§ Exercise description:
Repeat the data in full. Every line must match.
◇ ◇ ◇
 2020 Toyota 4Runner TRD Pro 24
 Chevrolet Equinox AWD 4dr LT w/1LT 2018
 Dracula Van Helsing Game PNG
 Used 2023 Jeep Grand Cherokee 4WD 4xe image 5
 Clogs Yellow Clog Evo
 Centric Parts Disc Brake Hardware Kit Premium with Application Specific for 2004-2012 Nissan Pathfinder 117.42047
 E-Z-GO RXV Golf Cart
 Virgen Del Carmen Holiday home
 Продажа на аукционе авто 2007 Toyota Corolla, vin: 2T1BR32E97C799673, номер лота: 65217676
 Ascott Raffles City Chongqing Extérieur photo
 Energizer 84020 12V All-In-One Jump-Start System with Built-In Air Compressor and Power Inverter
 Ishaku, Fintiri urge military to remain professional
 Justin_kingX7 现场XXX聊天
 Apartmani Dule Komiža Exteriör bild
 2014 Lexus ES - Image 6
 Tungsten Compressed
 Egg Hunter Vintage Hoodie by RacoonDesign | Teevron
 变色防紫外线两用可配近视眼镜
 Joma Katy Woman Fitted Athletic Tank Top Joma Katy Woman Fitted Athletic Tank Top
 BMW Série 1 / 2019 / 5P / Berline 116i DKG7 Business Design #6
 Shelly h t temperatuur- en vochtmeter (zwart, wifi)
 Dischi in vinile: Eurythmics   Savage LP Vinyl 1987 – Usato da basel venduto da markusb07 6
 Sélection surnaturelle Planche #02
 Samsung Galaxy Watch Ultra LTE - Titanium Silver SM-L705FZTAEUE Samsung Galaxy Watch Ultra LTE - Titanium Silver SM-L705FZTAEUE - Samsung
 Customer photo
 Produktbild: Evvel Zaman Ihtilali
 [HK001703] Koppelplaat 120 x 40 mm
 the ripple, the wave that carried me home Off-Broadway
◇ ◇ ◇
§ Problem solution:
 2020 Toyota 4Runner TRD Pro 24
 Chevrolet Equinox AWD 4dr LT w/1LT 2018
 Dracula Van Helsing Game PNG
 Used 2023 Jeep Grand Cherokee 4WD 4xe image 5
 Clogs Yellow Clog Evo
 Centric Parts Disc Brake Hardware Kit Premium with Application Specific for 2004-2012 Nissan Pathfinder 117.42047
 E-Z-GO RXV Golf Cart
 Virgen Del Carmen Holiday home
 Продажа на аукционе авто 2007 Toyota Corolla, vin: 2T1BR32E97C799673, номер лота: 65217676
 Ascott Raffles City Chongqing Extérieur photo
 Energizer 84020 12V All-In-One Jump-Start System with Built-In Air Compressor and Power Inverter
 Ishaku, Fintiri urge military to remain professional
 Justin_kingX7 现场XXX聊天
 Apartmani Dule Komiža Exteriör bild
 2014 Lexus ES - Image 6
 Tungsten Compressed
 Egg Hunter Vintage Hoodie by RacoonDesign | Teevron
 变色防紫外线两用可配近视眼镜
 Joma Katy Woman Fitted Athletic Tank Top Joma Katy Woman Fitted Athletic Tank Top
 BMW Série 1 / 2019 / 5P / Berline 116i DKG7 Business Design #6
 Shelly h t temperatuur- en vochtmeter (zwart, wifi)
 Dischi in vinile: Eurythmics   Savage LP Vinyl 1987 – Usato da basel venduto da markusb07 6
 Sélection surnaturelle Planche #02
 Samsung Galaxy Watch Ultra LTE - Titanium Silver SM-L705FZTAEUE Samsung Galaxy Watch Ultra LTE - Titanium Silver SM-L705FZTAEUE - Samsung
 Customer photo
 Produktbild: Evvel Zaman Ihtilali
 [HK001703] Koppelplaat 120 x 40 mm
 the ripple, the wave that carried me home Off-Broadway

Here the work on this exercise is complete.